About this task: When you restate the data, keep every word as it is and drop the images.

Dataset extract:
• • • • • • •
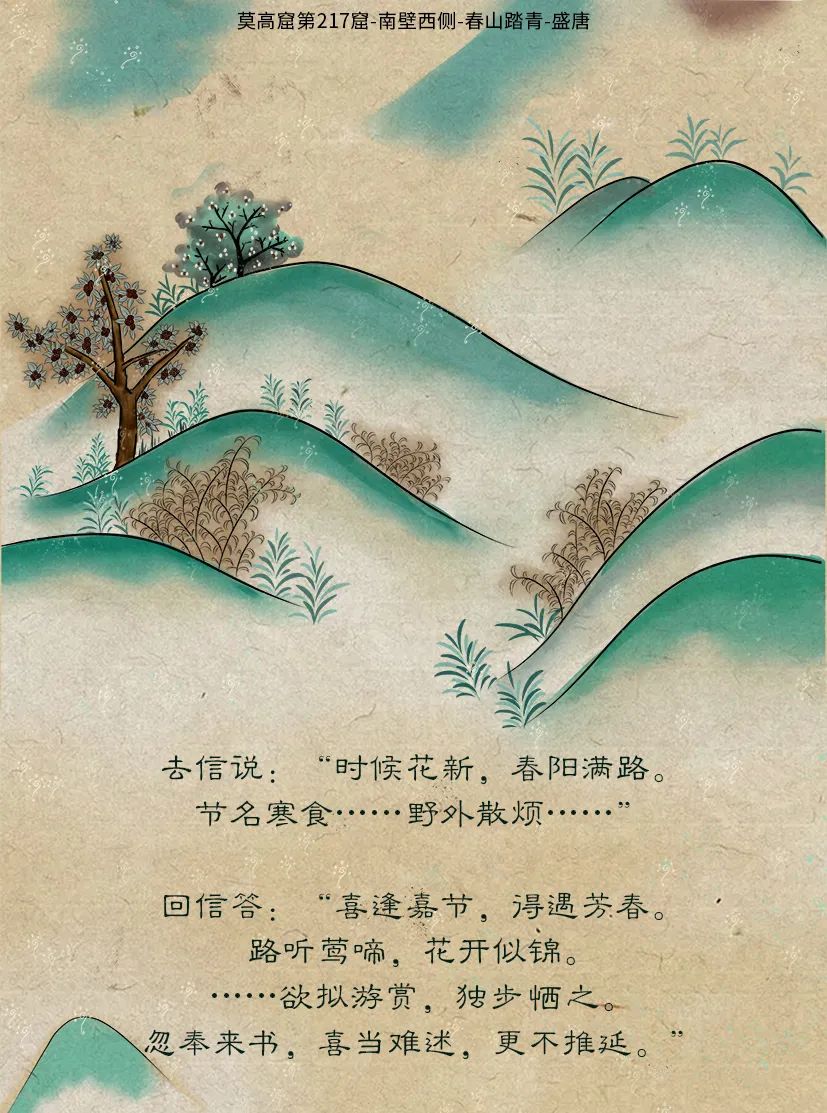 敦煌壁畫里的清明，不止雨紛紛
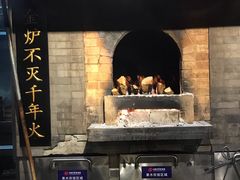 -全聚德(常州店)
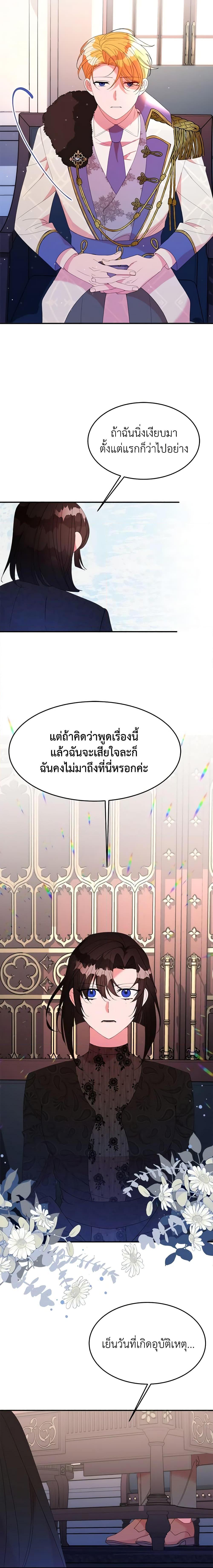 The Raven Duchess ตอนที่ 24 7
• • • • • • •
Your response:
 敦煌壁畫里的清明，不止雨紛紛
 -全聚德(常州店)
 The Raven Duchess ตอนที่ 24 7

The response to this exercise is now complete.